Yine, teklifte nazım imar planı ve çevre düzeni planını Mekânsal Strateji Planı'na uyumlu hâle getirmeyi öngörmüşsünüz. Yine, tekrar olacak ama bu maddede de özne yatırımcılar maalesef. Mekânsal Strateji Planı'na uyumlu hâle getirmek demek, kısacası imar ve çevre planlarının yatırımcılara göre yeniden düzenlenmesi demektir.
Diğer bir madde ise kamu kurum ve kuruluşlarınca yapılacak ya da yaptırılacak olan yapıların denetiminin hizmet alım sözleşmesiyle yapılması öngörülüyor yani denetimi de özelleştiriyorsunuz. Peki, yine benzer bir soru daha: Bu denetimleri yapacak olan danışman firmayla kastedilen ne? Bir müteahhit firma mıdır? Binayı yapan firmaya yaptığı binanın sağlamlığını mı kontrol ettireceğiz?
Sayın vekiller, kötüleşen çevre ve biyosferde kriz çağında yaşıyoruz. Öyle, elini kolunu sallayana yatırım imkânı verirsek bedelini ağır ödeyeceğimizi unutmayalım.

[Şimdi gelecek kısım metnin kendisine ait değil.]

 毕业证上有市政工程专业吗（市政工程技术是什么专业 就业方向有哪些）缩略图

Alelacele geçirmek istediğiniz bu ve benzeri kanun tekliflerinizde ortaya koyacağınız mega projelerinizin arşa kadar uzanan faydalarını anlatabilirsiniz fakat bu projenin yaşamsal sonuçları var, bunları göz ardı edemezsiniz. Bu projeler ne öngörülen zamanda bitirilebilmiştir şu ana kadar ne de öngörülen maliyetlerde. Tabii ki ekonomik maliyetlerin yanı sıra, çevresel ve toplumsal maliyetler kimi zaman hesaplanamaz olabilir.

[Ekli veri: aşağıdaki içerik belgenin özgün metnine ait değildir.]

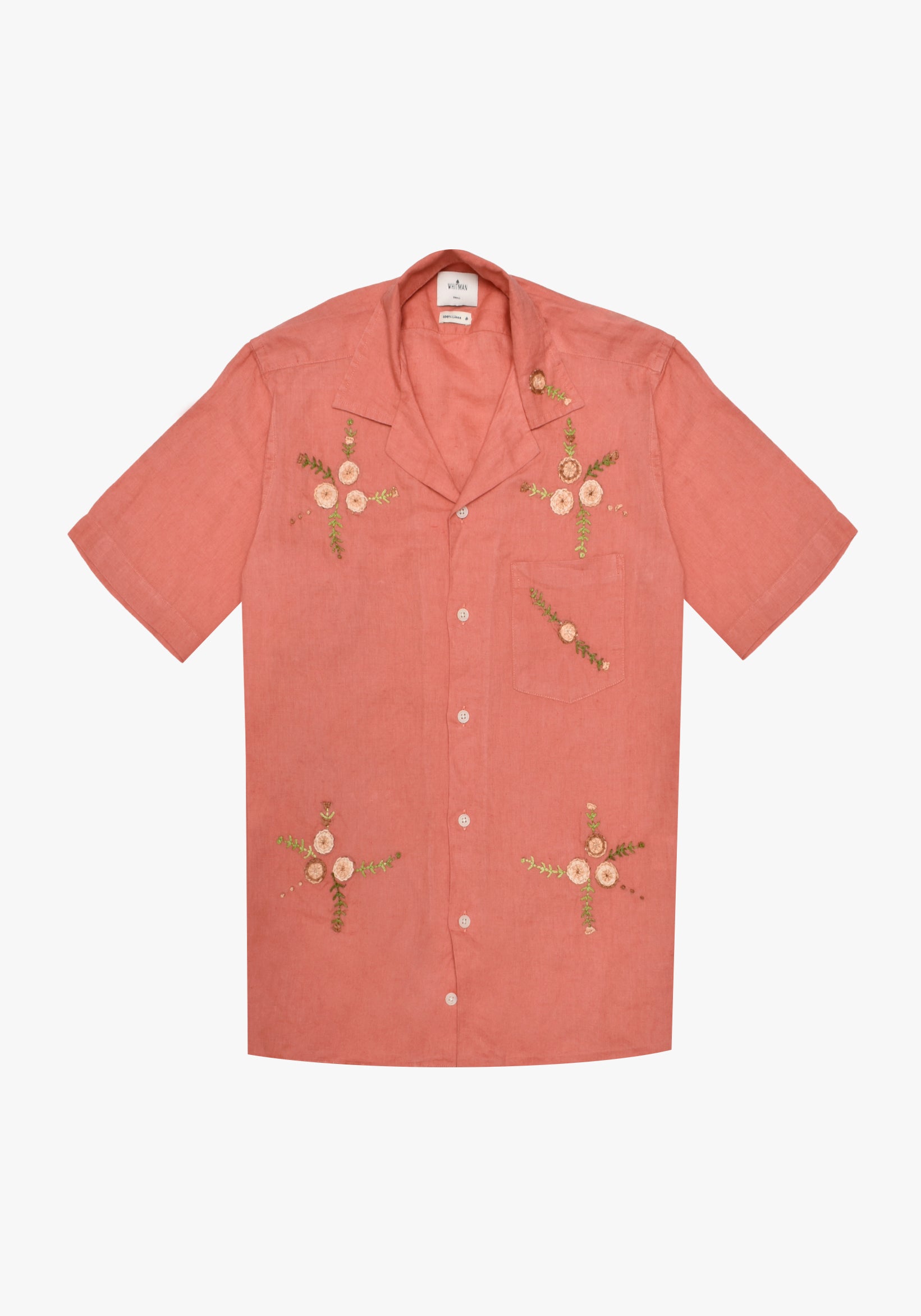 Camisa Cubana Lino Bordado Art. Salmon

Üçüncü havalimanı, liman projesi, Yeşil Yol Projesi, İzmir Körfez Geçiş Otobanı Projesi, JES'ler, Kanal İstanbul Projesi, Martı Projesi, Haliç Projesi gibi mega projelerinizin halkın ve kamunun yararı gözetilmeden yapılması toplumsal sonuçları artırmaktadır. Bu projeleri verdiğiniz uluslararası haydut şirketler cebimizdeki son kuruşa kadar göz dikmiş durumdalar, bunu unutmayın. Örneğin, İtalyan Astaldi şirketi İtalya'da konkordato ilan etmiş ama bizde üçüncü havalimanı, birçok yol ve mega projenin de önemli ortağı. Yani İtalya'da batan firmaya biz on yıl alım garantisiyle para ödeyeceğiz. Peki, daha geçen hafta İDO örneğinde olduğu gibi yarın İtalyan Astaldi de çıkıp "Ben bu köprüden yeterince para kazanamıyorum." dediğinde ne yapacaksınız?
Mega projelerinizin hiçbiri yerli ve millî değil, ne birbirinizi ne halkı kandırın. Geçmediğimiz köprü, kullanmadığımız otoyol için ödeyeceğimiz paraların, hasta garantili şehir hastaneleri için ödeyeceğimiz paraların gideceği yer yabancı şirketlerin cebidir. Sizleri şirketlerin daha fazla kâr etmesi, kolay yatırım yapabilmeleri için değil, doğa ve doğadaki canlılar için Meclis çatısı altında bu saatlere kadar, sabahlara kadar mesai yapmaya davet ediyorum.
Sonuç olarak, bu kanun teklifi sorunları çözmek yerine daha da derinleştirecek belirsizliklere ve öngörüsüzlüklere, plansızlıklara sahip. Bu nedenle bu kanun teklifine karşı çıkıyor ve geri çekilmesini istiyoruz.